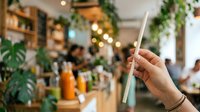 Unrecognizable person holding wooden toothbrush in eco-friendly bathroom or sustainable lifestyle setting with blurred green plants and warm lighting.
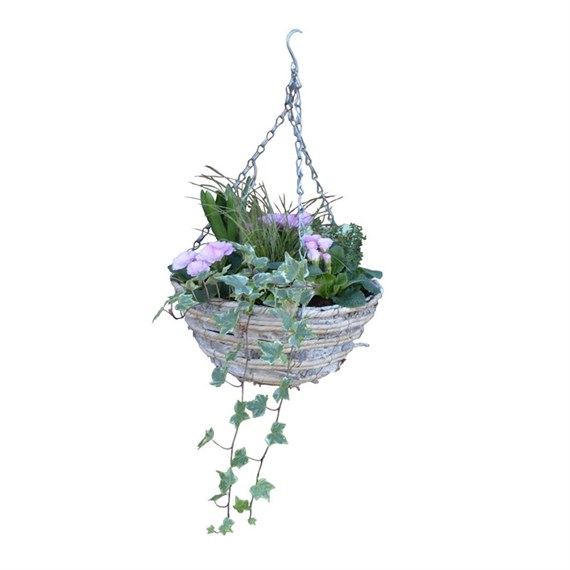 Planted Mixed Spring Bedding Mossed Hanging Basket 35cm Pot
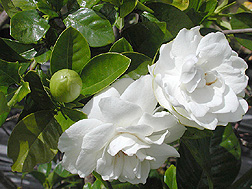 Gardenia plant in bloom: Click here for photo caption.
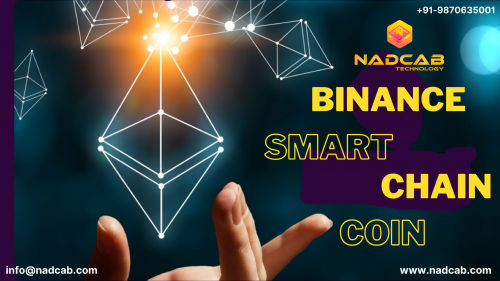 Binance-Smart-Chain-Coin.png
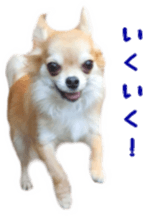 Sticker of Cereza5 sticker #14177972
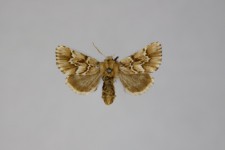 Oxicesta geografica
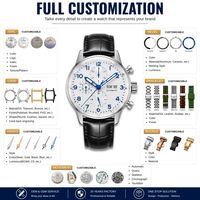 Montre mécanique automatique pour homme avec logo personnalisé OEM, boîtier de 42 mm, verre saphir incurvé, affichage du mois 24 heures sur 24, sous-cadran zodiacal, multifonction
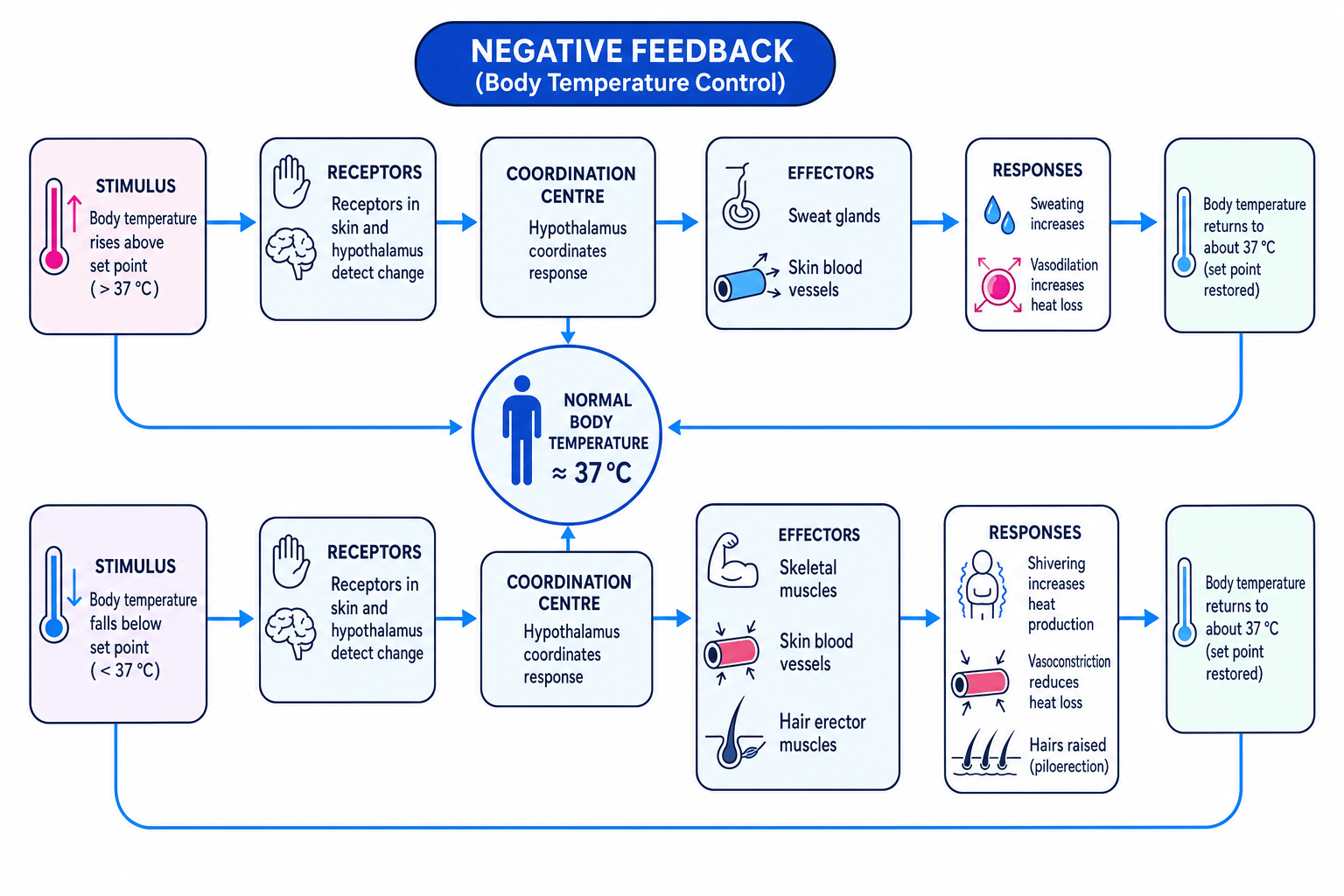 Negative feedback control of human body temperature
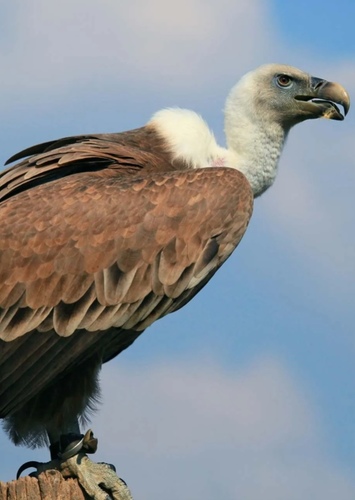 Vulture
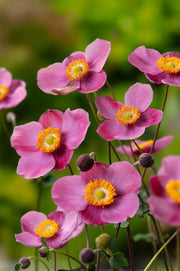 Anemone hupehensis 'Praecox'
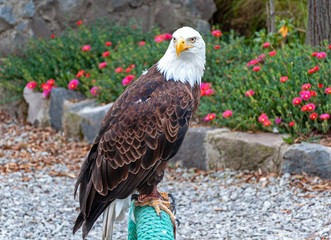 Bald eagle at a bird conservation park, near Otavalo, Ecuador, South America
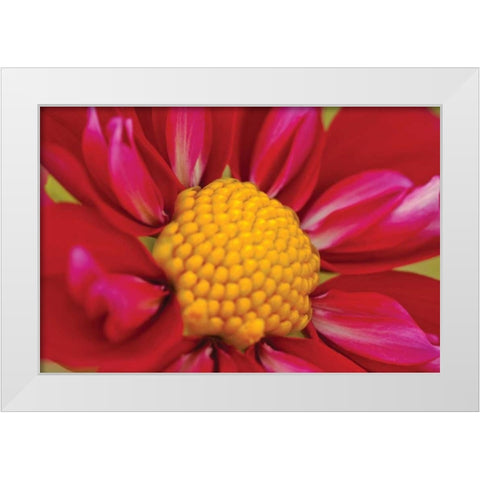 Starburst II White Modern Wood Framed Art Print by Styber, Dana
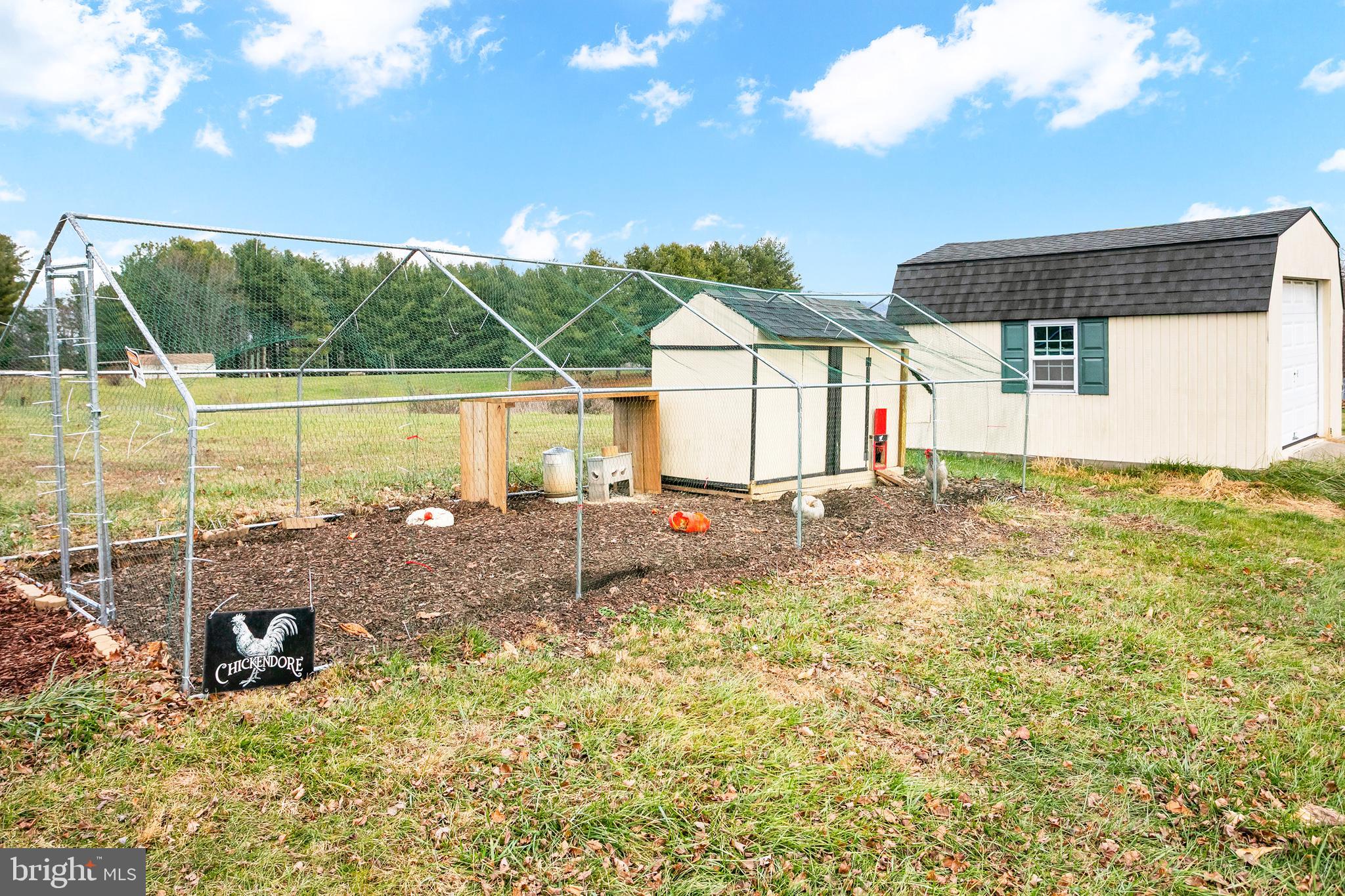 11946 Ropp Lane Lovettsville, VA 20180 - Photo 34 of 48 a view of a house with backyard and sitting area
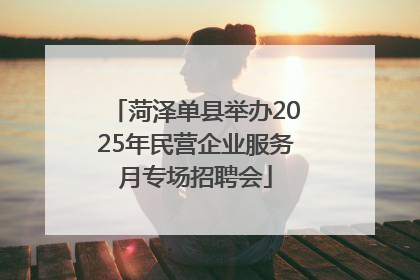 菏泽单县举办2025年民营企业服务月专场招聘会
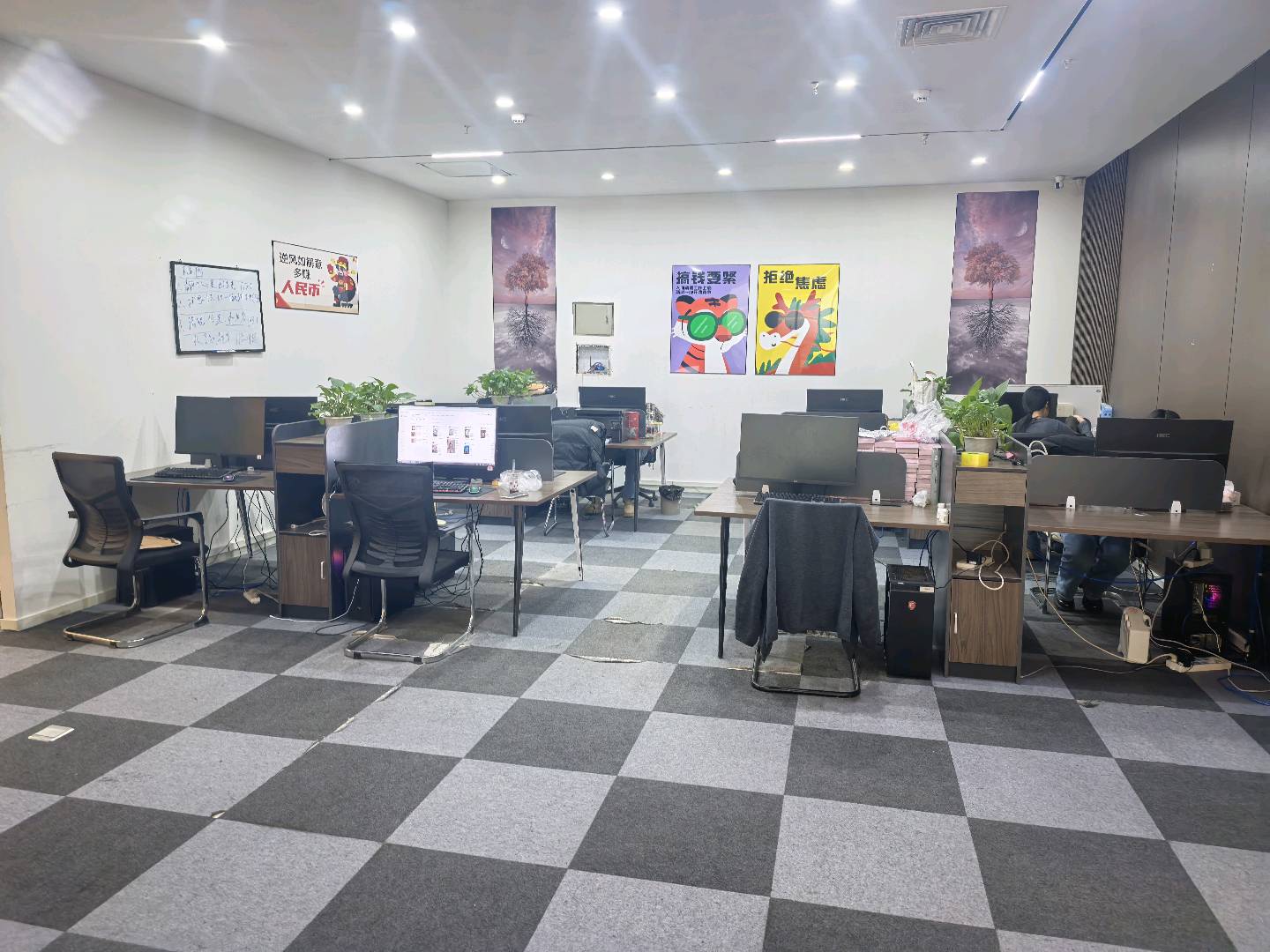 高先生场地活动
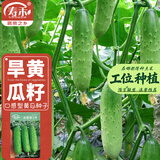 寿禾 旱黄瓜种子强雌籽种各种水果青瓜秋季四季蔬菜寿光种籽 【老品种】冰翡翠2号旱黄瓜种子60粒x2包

########################################

Hand back exactly the lines from the one with "Binance-Smart-Chain-Coin.png" through the last line of the data above, both ends included, with every picture left out.

 Binance-Smart-Chain-Coin.png
 Sticker of Cereza5 sticker #14177972
 Oxicesta geografica
 Montre mécanique automatique pour homme avec logo personnalisé OEM, boîtier de 42 mm, verre saphir incurvé, affichage du mois 24 heures sur 24, sous-cadran zodiacal, multifonction
 Negative feedback control of human body temperature
 Vulture
 Anemone hupehensis 'Praecox'
 Bald eagle at a bird conservation park, near Otavalo, Ecuador, South America
 Starburst II White Modern Wood Framed Art Print by Styber, Dana
 11946 Ropp Lane Lovettsville, VA 20180 - Photo 34 of 48 a view of a house with backyard and sitting area
 菏泽单县举办2025年民营企业服务月专场招聘会
 高先生场地活动
 寿禾 旱黄瓜种子强雌籽种各种水果青瓜秋季四季蔬菜寿光种籽 【老品种】冰翡翠2号旱黄瓜种子60粒x2包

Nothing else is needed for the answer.